To meet these expectations, Internationals has developed a school model that emphasizes rigorous academics, linguistic dignity, and bilingualism. Internationals schools integrate language development across content areas while engaging students in deeper learning—pedagogical approaches, including project-based learning, work-based learning, and performance assessments, that allow students to explore their interests and learn academic content in personalized and inquiry-based ways. Deeper learning approaches help students think critically and solve complex problems using mathematical, scientific, and creative reasoning. To this end, teachers engage students in learning experiences that require collaboration, effective communication, and self-directed inquiry, enabling students to “learn how to learn” and develop academic mindsets that increase perseverance and productive learning behaviors.
In addition to these pedagogical features, Internationals’ students are further supported by school structures that address their social and emotional needs, including regular access to social workers, counselors, and wrap around services. The inclusion of language and content integration, a deeper learning approach, and a focus on the whole student has allowed Internationals to provide a range of coordinated supports that produce strong outcomes for English learners.
This report highlights how Internationals has managed to re-create, sustain, and spread its complex and equity-oriented model across the country, even in the face of the challenges that arise when seeking to create substantive changes to teaching and learning. The report begins with a description of the network’s model and how it designs schools with structures—such as mixed-age classes, teaching looping, interdisciplinary team collaboration, and advisories—to bring its vision and commitments to life. In addition, it identifies the systems and structures that have enabled
Internationals to re-create its model in a high-quality manner. The report suggests that:

  1. Internationals works collaboratively with local practitioners to establish its schools, helping ensure that its deeper learning model is feasible and sustainable.
    With its clear vision for teaching and learning, Internationals instantiates its vision and values in schools through collaborative processes that ensure the model is feasible and responsive to the community. On one hand, the network maintains a set of conditions that it strives to secure so that its complex model can be implemented, including Internationals’ input on staffing, flexibility on graduation timelines and requirements, and assurances that Internationals staff can incorporate language development into their core instruction.

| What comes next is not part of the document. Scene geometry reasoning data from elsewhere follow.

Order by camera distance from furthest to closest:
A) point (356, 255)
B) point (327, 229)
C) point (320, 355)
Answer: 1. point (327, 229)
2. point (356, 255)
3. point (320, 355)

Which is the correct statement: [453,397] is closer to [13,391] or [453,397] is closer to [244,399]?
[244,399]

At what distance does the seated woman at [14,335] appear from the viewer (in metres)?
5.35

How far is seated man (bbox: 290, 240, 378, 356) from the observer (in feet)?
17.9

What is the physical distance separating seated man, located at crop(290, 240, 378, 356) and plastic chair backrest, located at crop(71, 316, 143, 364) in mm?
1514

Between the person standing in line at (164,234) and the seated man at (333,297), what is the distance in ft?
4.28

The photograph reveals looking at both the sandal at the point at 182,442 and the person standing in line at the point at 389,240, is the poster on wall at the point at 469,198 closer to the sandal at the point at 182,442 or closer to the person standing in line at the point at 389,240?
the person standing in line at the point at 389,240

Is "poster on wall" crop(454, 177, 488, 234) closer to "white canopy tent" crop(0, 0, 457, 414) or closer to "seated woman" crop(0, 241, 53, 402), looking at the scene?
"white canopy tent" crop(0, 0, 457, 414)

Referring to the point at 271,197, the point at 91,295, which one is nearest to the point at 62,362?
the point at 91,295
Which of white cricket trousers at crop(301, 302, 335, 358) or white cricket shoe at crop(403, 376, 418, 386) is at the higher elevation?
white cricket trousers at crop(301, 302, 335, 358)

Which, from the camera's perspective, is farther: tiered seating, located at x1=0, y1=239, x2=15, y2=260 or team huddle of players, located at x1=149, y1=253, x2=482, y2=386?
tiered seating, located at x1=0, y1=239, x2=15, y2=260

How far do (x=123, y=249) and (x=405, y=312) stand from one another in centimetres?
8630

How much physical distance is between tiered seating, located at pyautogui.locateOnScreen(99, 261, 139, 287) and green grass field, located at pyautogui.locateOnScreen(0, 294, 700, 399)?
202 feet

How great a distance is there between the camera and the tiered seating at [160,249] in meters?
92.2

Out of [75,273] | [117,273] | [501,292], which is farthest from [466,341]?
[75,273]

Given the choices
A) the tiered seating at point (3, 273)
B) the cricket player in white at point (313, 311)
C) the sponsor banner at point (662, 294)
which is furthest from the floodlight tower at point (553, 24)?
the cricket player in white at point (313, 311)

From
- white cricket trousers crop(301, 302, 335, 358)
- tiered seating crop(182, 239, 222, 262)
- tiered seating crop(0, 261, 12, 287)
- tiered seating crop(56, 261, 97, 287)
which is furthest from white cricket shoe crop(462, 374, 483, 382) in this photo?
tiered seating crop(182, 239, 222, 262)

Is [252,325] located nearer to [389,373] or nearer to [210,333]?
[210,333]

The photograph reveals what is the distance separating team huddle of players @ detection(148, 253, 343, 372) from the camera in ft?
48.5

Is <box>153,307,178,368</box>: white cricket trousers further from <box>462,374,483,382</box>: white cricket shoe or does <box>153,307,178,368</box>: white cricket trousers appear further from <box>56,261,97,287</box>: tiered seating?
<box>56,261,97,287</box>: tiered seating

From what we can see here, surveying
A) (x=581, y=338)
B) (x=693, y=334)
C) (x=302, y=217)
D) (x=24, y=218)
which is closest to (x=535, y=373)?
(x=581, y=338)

    At the same time, Internationals staff do not establish their schools in a top-down fashion. Instead, they engage in ongoing discussions with district leaders and local educators about student need and the feasibility and fit of the model to ensure that it is a welcomed and
    responsive addition to the local community.

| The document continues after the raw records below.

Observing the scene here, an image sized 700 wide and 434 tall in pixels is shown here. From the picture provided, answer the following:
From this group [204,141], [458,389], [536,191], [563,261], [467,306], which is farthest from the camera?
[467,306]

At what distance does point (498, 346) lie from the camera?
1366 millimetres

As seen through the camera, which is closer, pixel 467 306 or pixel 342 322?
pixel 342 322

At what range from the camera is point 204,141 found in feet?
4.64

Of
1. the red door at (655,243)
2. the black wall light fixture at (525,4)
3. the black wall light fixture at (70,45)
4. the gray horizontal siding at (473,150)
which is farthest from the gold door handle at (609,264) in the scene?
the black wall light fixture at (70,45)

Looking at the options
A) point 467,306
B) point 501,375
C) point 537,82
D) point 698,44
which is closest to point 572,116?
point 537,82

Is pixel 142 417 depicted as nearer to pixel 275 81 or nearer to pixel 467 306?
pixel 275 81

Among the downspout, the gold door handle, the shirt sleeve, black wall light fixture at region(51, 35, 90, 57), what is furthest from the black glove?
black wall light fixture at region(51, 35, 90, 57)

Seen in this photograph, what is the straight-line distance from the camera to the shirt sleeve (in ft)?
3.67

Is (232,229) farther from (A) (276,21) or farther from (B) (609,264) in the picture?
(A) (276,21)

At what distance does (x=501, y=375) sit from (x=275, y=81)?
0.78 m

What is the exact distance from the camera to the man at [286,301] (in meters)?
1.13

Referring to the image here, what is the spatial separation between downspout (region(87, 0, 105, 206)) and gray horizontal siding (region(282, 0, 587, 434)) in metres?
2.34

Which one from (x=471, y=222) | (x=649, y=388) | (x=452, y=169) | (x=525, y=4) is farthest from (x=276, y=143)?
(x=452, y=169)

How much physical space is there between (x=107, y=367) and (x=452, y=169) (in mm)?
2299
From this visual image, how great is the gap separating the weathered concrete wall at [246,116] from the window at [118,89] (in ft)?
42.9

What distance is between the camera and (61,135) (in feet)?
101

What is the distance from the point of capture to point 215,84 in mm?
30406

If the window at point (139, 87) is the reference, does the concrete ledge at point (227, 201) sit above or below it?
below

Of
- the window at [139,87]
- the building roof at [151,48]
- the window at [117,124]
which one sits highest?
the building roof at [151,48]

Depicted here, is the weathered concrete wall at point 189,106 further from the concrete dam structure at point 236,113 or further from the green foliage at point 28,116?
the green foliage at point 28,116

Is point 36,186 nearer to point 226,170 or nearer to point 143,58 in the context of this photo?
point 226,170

    Implications for schools and districts: Internationals’ ongoing collaboration with local communities suggests that deeper learning models can be well supported when local stakeholders are involved in establishing deeper learning schools. Similarly, school and district leaders seeking to implement deeper learning approaches can develop a clear understanding of the policies and structures they need to instantiate their visions and then consider how they can intentionally and authentically partner with the local communities from the onset.

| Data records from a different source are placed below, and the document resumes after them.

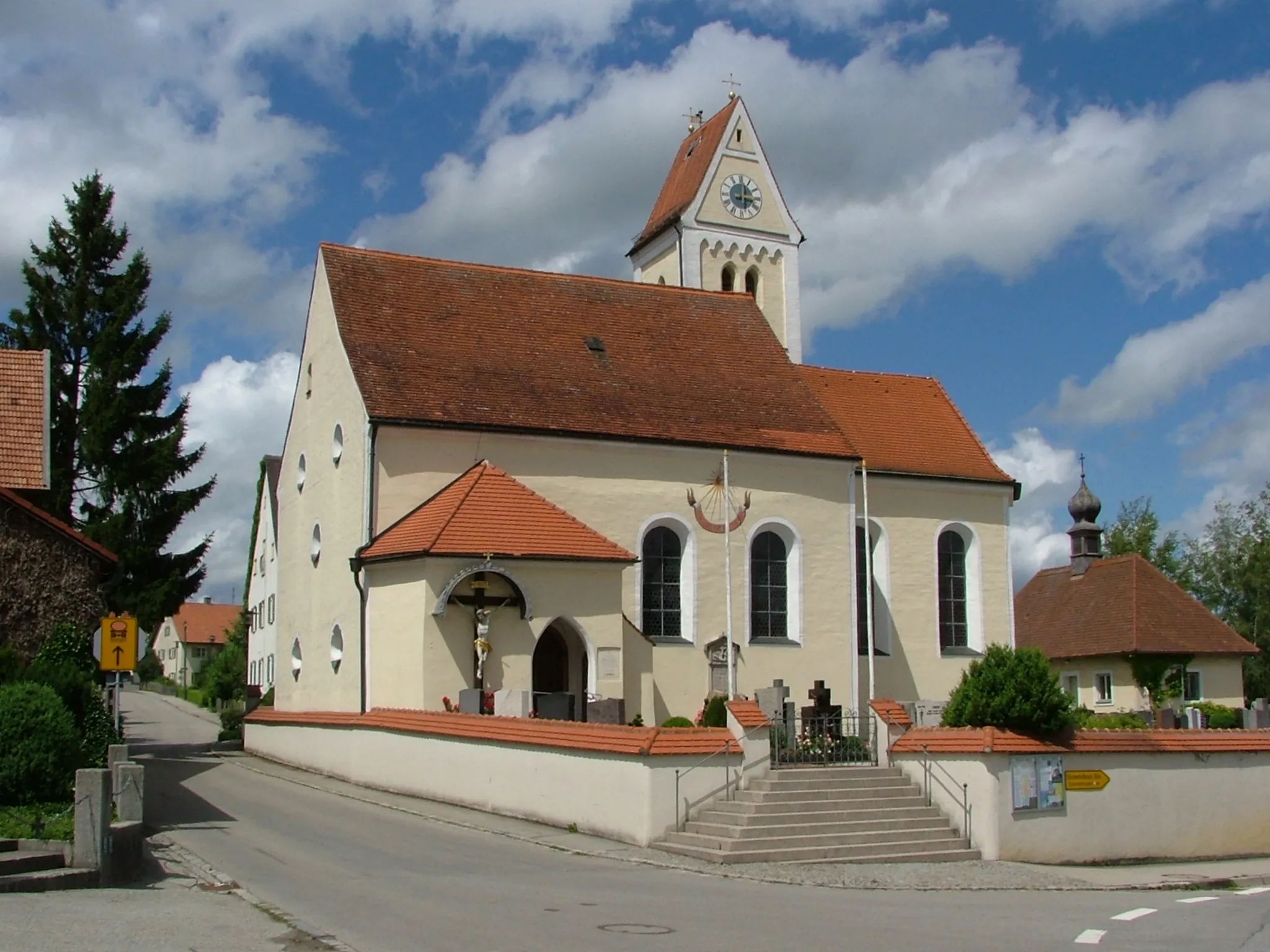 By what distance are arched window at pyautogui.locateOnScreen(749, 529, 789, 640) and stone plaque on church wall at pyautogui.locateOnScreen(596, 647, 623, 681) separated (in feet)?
17.0

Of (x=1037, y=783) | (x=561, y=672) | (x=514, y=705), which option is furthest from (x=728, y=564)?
(x=1037, y=783)

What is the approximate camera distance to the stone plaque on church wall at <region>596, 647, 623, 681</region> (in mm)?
24672

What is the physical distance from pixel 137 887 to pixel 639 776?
6.19 m

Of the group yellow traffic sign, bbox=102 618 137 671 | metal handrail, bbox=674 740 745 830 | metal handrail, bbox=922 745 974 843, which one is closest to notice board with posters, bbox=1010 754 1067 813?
metal handrail, bbox=922 745 974 843

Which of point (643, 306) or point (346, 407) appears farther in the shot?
point (643, 306)

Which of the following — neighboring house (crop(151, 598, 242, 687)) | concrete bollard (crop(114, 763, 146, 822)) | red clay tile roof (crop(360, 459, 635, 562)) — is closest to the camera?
concrete bollard (crop(114, 763, 146, 822))

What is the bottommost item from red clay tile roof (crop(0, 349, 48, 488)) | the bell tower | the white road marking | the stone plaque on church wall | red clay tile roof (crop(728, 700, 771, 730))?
the white road marking

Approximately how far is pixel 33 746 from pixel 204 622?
114711 mm

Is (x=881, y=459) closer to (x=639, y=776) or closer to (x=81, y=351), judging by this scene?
(x=639, y=776)

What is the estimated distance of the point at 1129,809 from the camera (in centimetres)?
1848

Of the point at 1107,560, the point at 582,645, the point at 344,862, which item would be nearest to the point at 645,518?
the point at 582,645

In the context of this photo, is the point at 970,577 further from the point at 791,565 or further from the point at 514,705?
the point at 514,705

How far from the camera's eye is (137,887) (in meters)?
12.9

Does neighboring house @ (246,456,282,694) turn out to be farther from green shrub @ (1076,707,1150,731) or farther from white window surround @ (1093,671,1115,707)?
white window surround @ (1093,671,1115,707) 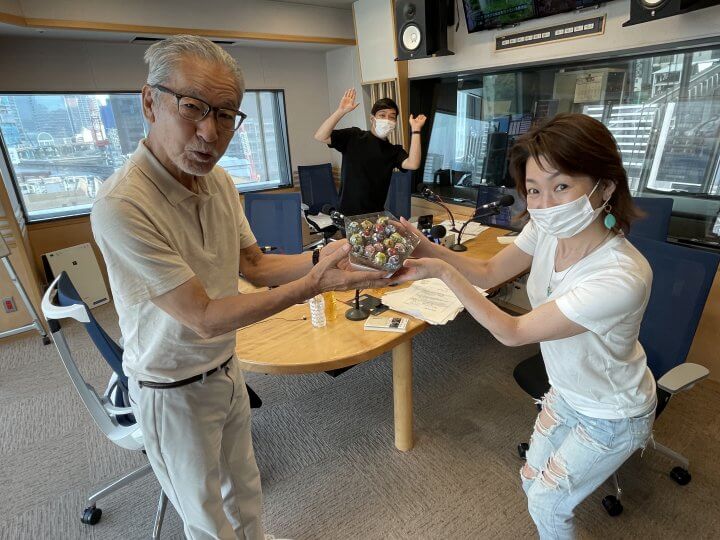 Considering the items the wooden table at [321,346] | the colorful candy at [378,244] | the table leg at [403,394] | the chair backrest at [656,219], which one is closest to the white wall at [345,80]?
the chair backrest at [656,219]

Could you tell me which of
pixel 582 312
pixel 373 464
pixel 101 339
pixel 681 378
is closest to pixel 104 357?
pixel 101 339

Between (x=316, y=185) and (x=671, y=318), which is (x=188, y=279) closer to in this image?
(x=671, y=318)

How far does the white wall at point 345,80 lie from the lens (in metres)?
4.74

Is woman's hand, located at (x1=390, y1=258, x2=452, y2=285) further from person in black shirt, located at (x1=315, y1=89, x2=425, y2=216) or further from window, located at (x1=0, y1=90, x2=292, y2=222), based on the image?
window, located at (x1=0, y1=90, x2=292, y2=222)

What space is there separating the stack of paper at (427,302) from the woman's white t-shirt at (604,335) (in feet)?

  2. Internationals cultivates a culture of professional learning in which teachers and leaders learn about and experience Internationals’ model and hone their abilities to implement the model in collaborative and ongoing ways.
    Because the Internationals model varies from traditional ways of educating English learners, the network deliberately engages teachers and leaders in immersive professional development so that teachers can effectively implement its approach. The network invests early in its educators and leaders, onboarding them with a series of learning opportunities that allow them to experience the network’s instructional model and to learn with and from their experienced colleagues. The network also engages its teachers in professional learning with their colleagues via structured collaboration time and through the network’s characteristic open-door policy, wherein teachers visit each other’s classrooms to provide feedback or to learn new techniques. This policy encourages transparency and mutual accountability. The network also hosts cross-network workshops that gather teachers and leaders around specific topics and build communities of practice. Taken collectively, these professiona learning opportunities advance a culture of continuous learning in Internationals schools and provide a reinforcing system of support for educators as they implement the network’s complex model.
    Implications for schools and districts: Internationals’ approach to supporting teachers and leaders can provide lessons for those seeking to implement deeper learning for English learners in their schools. Findings suggest the importance of experiential and immersive learning for educators and the need to build and maintain multifaceted systems for professional support that
    emphasize continuous improvement and collaboration.